The parts of the conference I did get to see were a mixed bag.
On the positive side, I saw a lot of efforts to improve education and make it more accessible. It was also great to see that this was coming from many different places in the world. For example, there was actually a talk where an audience member had to ask what a lahk was, because all the numbers in the talk were in that unit.
On the negative side, I saw a lack of actual research results. People were talking about the changes they had made, but rarely about the measurable impacts of those changes. Those who did have results rarely talked about them in the language of statistics.

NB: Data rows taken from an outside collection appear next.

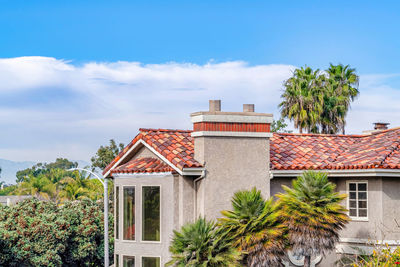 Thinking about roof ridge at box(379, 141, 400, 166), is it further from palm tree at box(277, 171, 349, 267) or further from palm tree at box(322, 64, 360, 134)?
palm tree at box(322, 64, 360, 134)

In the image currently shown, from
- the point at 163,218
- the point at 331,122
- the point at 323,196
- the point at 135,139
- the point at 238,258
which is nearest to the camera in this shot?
the point at 238,258

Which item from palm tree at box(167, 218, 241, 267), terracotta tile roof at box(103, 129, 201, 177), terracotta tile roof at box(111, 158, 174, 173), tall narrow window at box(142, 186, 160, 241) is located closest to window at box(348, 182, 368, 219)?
palm tree at box(167, 218, 241, 267)

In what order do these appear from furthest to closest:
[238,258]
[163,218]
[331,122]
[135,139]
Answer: [331,122] → [135,139] → [163,218] → [238,258]

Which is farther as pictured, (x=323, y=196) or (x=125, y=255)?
(x=125, y=255)

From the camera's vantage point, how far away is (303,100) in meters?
44.1

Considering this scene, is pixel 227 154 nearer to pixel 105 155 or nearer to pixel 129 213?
pixel 129 213

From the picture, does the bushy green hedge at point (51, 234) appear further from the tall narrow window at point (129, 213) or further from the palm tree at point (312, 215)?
the palm tree at point (312, 215)

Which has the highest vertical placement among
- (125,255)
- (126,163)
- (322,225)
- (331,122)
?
(331,122)

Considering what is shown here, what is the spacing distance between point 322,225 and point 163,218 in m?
5.46

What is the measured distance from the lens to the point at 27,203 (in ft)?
118

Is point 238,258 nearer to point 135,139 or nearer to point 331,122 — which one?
point 135,139

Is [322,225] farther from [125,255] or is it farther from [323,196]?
[125,255]

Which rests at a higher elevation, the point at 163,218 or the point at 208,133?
the point at 208,133

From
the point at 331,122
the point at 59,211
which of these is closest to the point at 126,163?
the point at 59,211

One really excellent talk was at lunch the second day, from Cliff Missen of (among other things) the eGranary project. Missen started off the talk by saying that online courses are great when you can worry about whether or not people have internet access, but he more often has to worry about whether they have water. It really put things in perspective for me.
Overall I preferred the AAPT conference, but LINC’s more international view was definitely something I appreciated.
This is how we created and ran an online course. It’s not the best way, it’s not how I would do it next time, but it’s what we did and I thought I would share it with you.
The process was not a single concerted push. The materials for this course were created and accumulated over five years of efforts from half a dozen postdocs (though only three at a time), perhaps a dozen undergraduates (one or two at a time), and one professor. These efforts were scattered, but often intense. If I wanted to create a complete course all in one go, I think I could probably do it with three people working full-time for a year.
Before The Launch Day
There was no central textbook for the course, so we needed to create something that not just tested the students, but taught them as well. We started with a lot of assessment materials – questions from homework, worksheets, exams, etc. that had been collected over the years. Most teachers and professors have this kind of material lying around in one form or another. We also had a good amount of instructional material – worked examples, textbook-style descriptions of concepts in physics, and videos that we were able to repurpose (see note at bottom).
We didn’t have much of a method to creating these things or choosing what to adapt. This was a mistake, and one that I don’t intend to replicate if I do this again. When I was hired I was told to “make some videos about rotation,” and maybe “write some stuff about center-of-mass.” We didn’t have a lot of structure just because we didn’t realize we needed it. Few people who get into this industry realize how difficult it is.
Our course was much more text-based than some online courses. A lot of courses use video lectures; we suspect that they’re not any more effective than text, though perhaps more enjoyable for some folks. The advantage was that we could edit text fairly easily, to remove errors and fix equations. Editing video in the same way is near-to impossible. We still used shorter videos to target a few specific concepts.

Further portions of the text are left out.